The tuition impact report reveals that students who enrolled in 30 credit hours at the state’s research institutions – Oklahoma State University and the University of Oklahoma – pay an average of $5,053 in tuition and mandatory fees, compared to $5,707 at peer institutions. OU and OSU continue to be ranked at the bottom of the Big 12 for undergraduate resident tuition and mandatory fees.

Students enrolled at the state’s regional universities pay an average of $3,457 for resident undergraduate tuition and mandatory fees compared to $4,128 in other states. The widest gap is in the community college tier where Oklahoma students pay an average of $2,249 for 30 credit hours compared to $3,168 at peer institutions.

Tuition and mandatory fee increases for the 2006-07 year, which amount to about $12 a month for a full-time resident student, have had a minimal impact on students’ ability to pay for college, according to the report. Higher education officials believe a major reason for the low impact was higher education’s record $1.019 billion appropriation for FY2007. The record amount allowed institutions to keep tuition increases at a minimum, averaging only 5.2 percent.

Institutions have increased the amount of financial aid available to students to help offset the 5.2 percent tuition and mandatory fee increase. Resident tuition waivers increased this year throughout the state system by $4.4 million, or 12.3 percent. Institutions have also implemented other strategies to help students and their families, including creating or expanding tuition scholarship programs for low- to middle-income students, providing additional funds for on-campus jobs and providing alternative payment options throughout the year.

The State Regents have increased funding to the Oklahoma Tuition Aid Grant (OTAG) program to help cover increased college costs and have allocated $2.5 million in funding this year for concurrent enrollment waivers to encourage high school seniors to attend college. And as long as funding is available for the Oklahoma’s Promise-OHLAP scholarship program, eligible students in the program will have the tuition portion of any increase covered.

This year’s tuition and mandatory fee increases have also had little impact on enrollment, the report states. Enrollments have increased significantly during the past few years, despite tuition increases during the same time frame. This fall’s preliminary enrollment figures are relatively flat, however, and should remain so for the near future.
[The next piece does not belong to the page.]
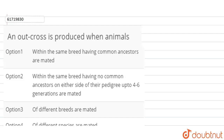The question is: an outcross is produced when animals — so, what does outcross mean? Outcross is produced when we produce animals within the same breed having no common ancestor on each side of their pedigree up to 4 to 6 generations are mated.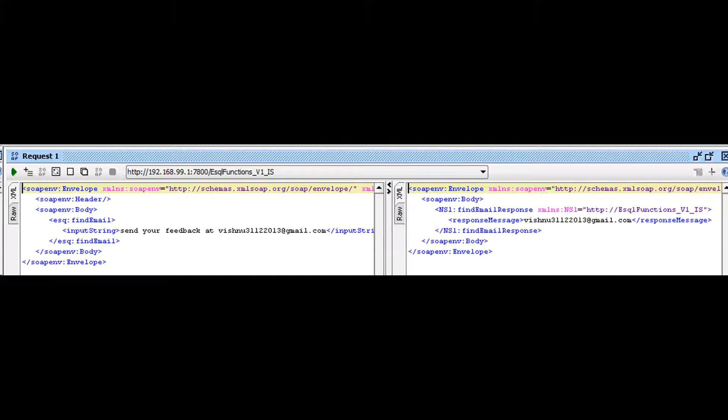This SOAP operation accepts a string input and finds the email address in the input string. It replies with the email address.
Officials cite an improved state economy and smaller high school classes rather than recent tuition increases as possible reasons for the flat enrollment numbers.

The report also revealed that institutions communicated potential tuition and mandatory fee increases to the students in a variety of ways. Most of the students understood the reasons for the increases and accepted them as necessary to ensure the quality of instruction. In addition, institutions continued their commitment to provide cost-effective and cost-efficient operations.

“The State Regents and our state system institutions are committed to engaging in efforts that address accessibility, affordability and accountability so that our students will be prepared for the global marketplace,” State Regents’ Chairman John Massey said. “In addition, we look forward to future dialogues with legislative leaders and the governor’s office to ensure Oklahoma’s higher education options remain some of the most competitive in the nation.”

In 2003, legislators granted colleges and universities tuition- and fee-setting authority within prescribed limits, requiring the State Regents to annually provide them with a detailed report on how the state system is complying with certain provisions set forth in the law.

The State Regents will present this year’s findings to Gov. Brad Henry and state lawmakers in early 2007.